Wieder daheim in Köln wurde der Fundus zunächst gesichtet und nach Baugruppen zusammengelegt. Hierbei bekam der nun siebte Besitzer einen Überblick, welche Teile beschädigt waren, was fehlte und welche Sachen noch zu gebrauchen waren. Selbstverständlich wollte Bernd Stutz die Rapide nach Möglichkeit 100prozentig originalgetreu restaurieren. So wie sie 1937 das Werk in Stevenage verlassen hat. Doch was ist in diesem Fall 100prozentig? Beim Vergleichen von Prospekten, Fotos, Testberichten und anderen Veröffentlichungen stellte sich bald heraus, dass dieses Vorhaben sehr schwierig, wenn nicht sogar unmöglich ist. Auch wenn bei der Series-A Rapide bereits von einer "Serienfertigung" gesprochen werden kann, hatte Vincent längst nicht immer den gleichen Scheinwerfer, das gleiche Rücklicht oder die gleichen Schutzbleche verwendet. Bei der Montage hat man damals eben das genommen, was gerade da war. Erschwert wurden die Recherchen durch die Ungewissheit, handelt es sich bei den abgelichteten Rapides tatsächlich um Standard-Ausführungen, oder wurden diese Maschinen bereits modifiziert, restauriert oder einfach von ihrem Besitzer in einigen Details verändert. Wer mit so einer Situation schon einmal konfrontiert war, kann sich gut in die Situation von Bernd Stutz versetzen. Bevor es also mit der eigentlichen Restauration losging, betätigte sich der Perfektionist zunächst als "Sherlock Holmes", trug die Informationen wie ein Puzzle zusammen, doch ein Rest Ungewissheit blieb zum Schluss immer noch.
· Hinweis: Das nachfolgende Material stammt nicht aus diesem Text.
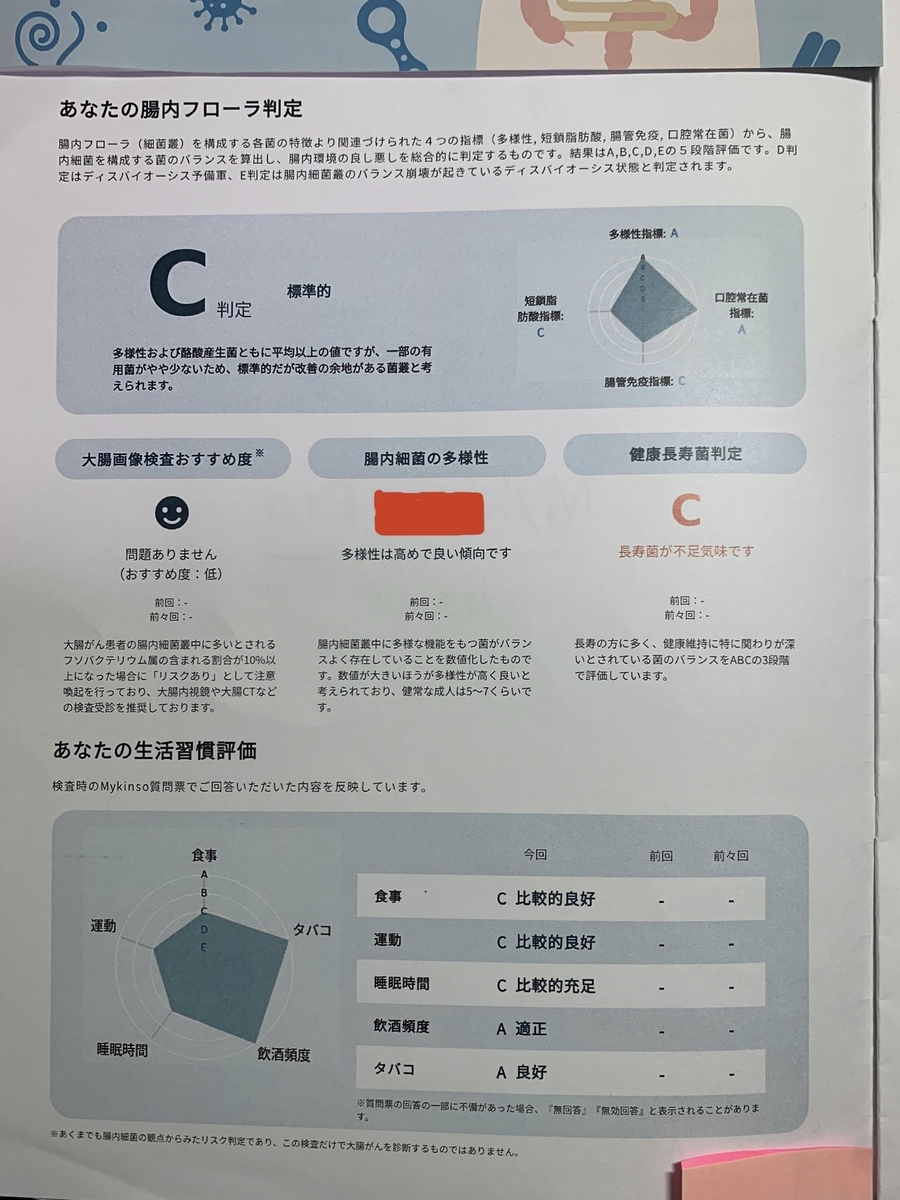 f:id:nalycon:20200920113109j:plain f:id:nalycon:20200920113109j:plain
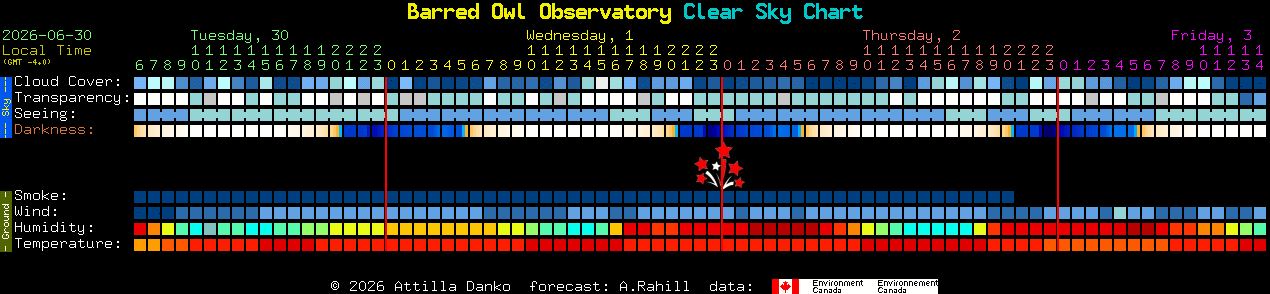 Current forecast for Barred Owl Observatory Clear Sky Chart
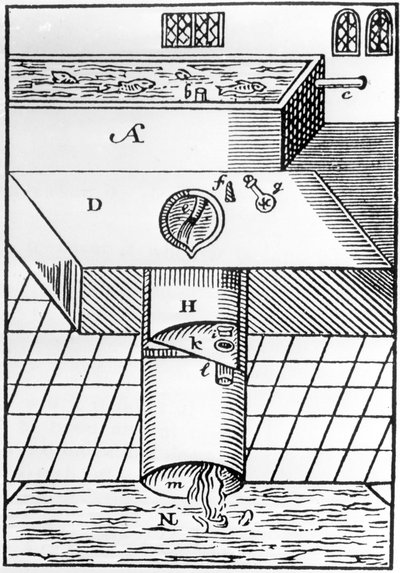 Ilustrace záchodu sira Johna Harringtona, převzato z Nového diskurzu zatuchlého předmětu, zvaného metamorfóza Ajaxu, 1596 od English School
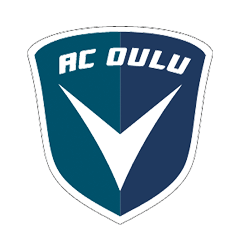 Как сыграли российские футболисты за рубежом &mdash; Головин, Кузяев, Сулейманов, Захарян, Миранчук, Бакаев, Кокорин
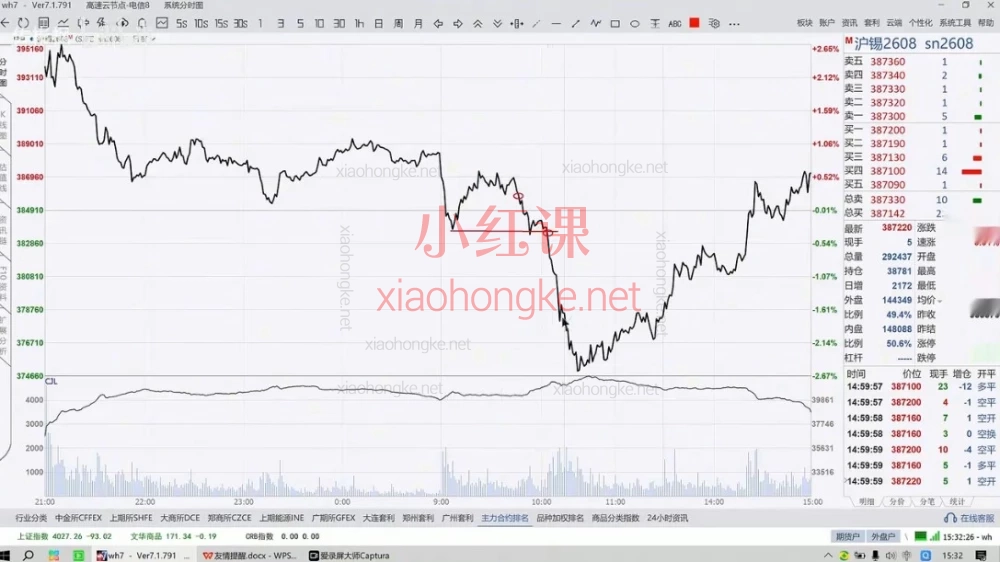 陈向忠2024-2026期货复盘视频合集｜日内短线+分时图体系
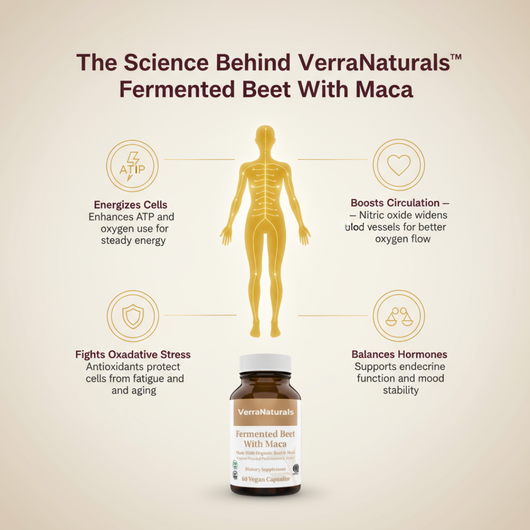 Fermented Beet with Maca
Von unschätzbarem Wert erwies sich die Unterstützung von Kurt Schupp, er ist erster Vorsitzender des Vincent- Owners-Club Deutschland und von Bob Dunn aus Bolton/England. Bernd Stutz vertraute Bob Dunn das Triebwerk an, denn er ist als Vincent-Spezialist weit über die Grenzen Englands bekannt. "Sicherlich hätte ich den Motor und das Getriebe auch selbst überholen können, doch das Risiko, etwas falsch zu machen, war mir einfach zu groß," gibt der Kölner ehrlich zu. "Original-Ersatzteile für den A-Twin gibt es schon seit langem nicht mehr. Also muss man genau wissen, welche Teile von den Nachfolgemodellen passen und welche Modifikationen eventuell durchgeführt werden müssen. Von Bob Dunn weiß ich, dass er jahrzehntelange Erfahrung besitzt und viele Bauteile selbst herstellen kann."

 



1937 erster 1000er Vincent V2-Motor: "plumber`s nightmare"
 


(Zeichnung: Werk)


Und so wurde die Maschinerie in England auf Vordermann gebracht. Die Zylinderköpfe erhielten neue Ventile und Ventilführungen, die Ventilsitze wurden auf Bleifreibetrieb umgerüstet. In die tadellosen Zylinderlaufbahnen setzte Bob Dunn neue Kolben ein. Keine Arbeit machten Steuertrieb, Nockenwellen, Kipphebel und Stoßstangen, dagegen musste der Kurbeltrieb komplett überholt werden. Auch die Getrieberäder waren noch im einwandfreien Zustand, erneuert wurden jedoch sämtliche Lager im Motor und in der Schaltbox, die Primärkette, Kupplung und natürlich alle Dichtungen.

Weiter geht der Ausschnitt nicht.